01 Aug 2018

MIT ID Reader

Micro chip

Background

MIT’s 6.002, Circuits and Electronics, has a lab where they teach students how to build a radio circuit to read their ID cards. Since I took the class in the fall of 2017, the circuit design has changed and the instructors now include software that can read and display the binary card data. When I took the class this didn’t exist so I built my own reader. It’s a significantly different approach than what the class uses, but my design uses far less parts - and I designed the entire project from the ground up. I built this in the summer of 2018 in between research projects and my work with MIT EMS.

Circuit Details

MIT ID cards use a nominal 125khz RFID chip that recieves power at 125khz and transmits 1/2 and 3/2 of this drive frequency. Data is transmitted on this 62.5khz signal using phase shift keying and 16 cycles/bit. To retrieve this data, we can use one coil to send a 125khz signal and a second coil to recieve the combined 125khz and 62.5khz signals. I used a 62.5khz resonant circuit connected to the recieving coil, and connected this to my chip’s analog input for processing. Here’s the full breadboard layout:

Card Reader Breadboard Layout

Software

Initial plan:

  • Capture data at at least twice the carrier frequency, then use signal processing to analyze this
  • Exactly twice the carrier frequency may not capture the wave, so I probably need 4 samples/cycle to accurately reproduce it
  • Sampling with an Arduino at 250khz is hard, the base data rate for the ADC is 15.6 khz, due to the ADC reading time. Additionally, we quickly run out of memory for 4 samples/cycle x 16 cycles/bit x 224 bits/sample

Also, our data is noisy and I would have to figure out how to digitally process this signal from scratch.

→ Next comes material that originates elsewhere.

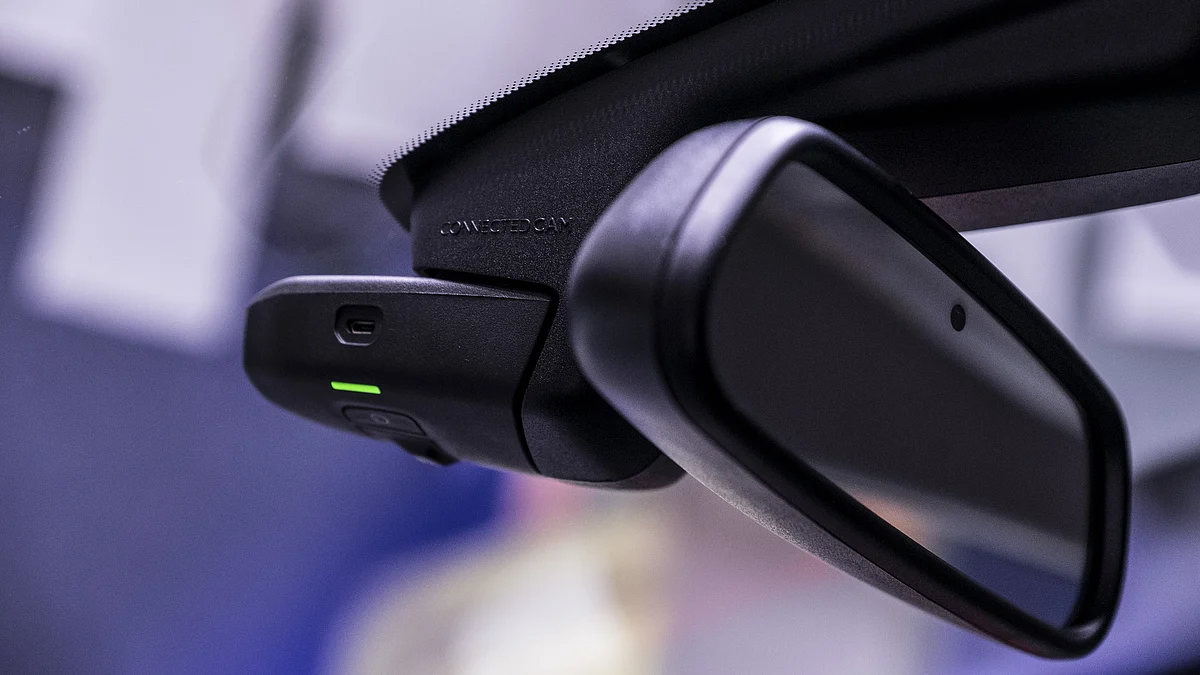 The lens of a built-in driver’s-view camera sits on the rear view mirror. (Photographer: Balint Porneczi/Bloomberg)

However, I realized that if we provide the driving 125khz signal from our microchip, we can predict exactly when the peaks and valleys of the recieved signal are, and just sample at this one point in time. A high voltage for any sample indicates one bit, and a low voltage indicates the other, as the signal sine wave has been phase shifted by 180º (The 1’s and 0’s are initially ambiguious since they invert if the card is reversed, but fortunately this is easy to fix when the signal is processed)

This was then implemented to gather 20,000 samples, which allowed me to record the card data string about 5 times. In order to sample each peak fast enough and to store all this data, I switched from an Arduino to a Teensy 3.2 I had on hand. Here’s a sample waveform that the Teensy sent back to my computer:

Data Waveform

Data Processing

Once we have analog measurements at each wave peak, converting this into binary data is simple:

  1. Compute the average of the voltage readings
  2. Iterate through the stored data elements, assigning a 0 to any voltage less than the average, and a 1 to any voltage greater than the average
  3. The start bits are a string of 30 0’s. Find these, remembering that there is 16 data points per bit and the data may need to be inverted.
  4. Sample every 16 points thereafter to read off the card data

I originally sent the raw data from my chip to my computer and processed this all in Matlab, but it can be done on the chip itself, or with a number of other software program.

Future

I wanted to be able to write this to a chip so I could have a copy of my card in my phone case or my watch - however, the complexity of writing this data to a chip is much higher than just reading it and I ran out of time before the summer ended. The code for this project is available on github.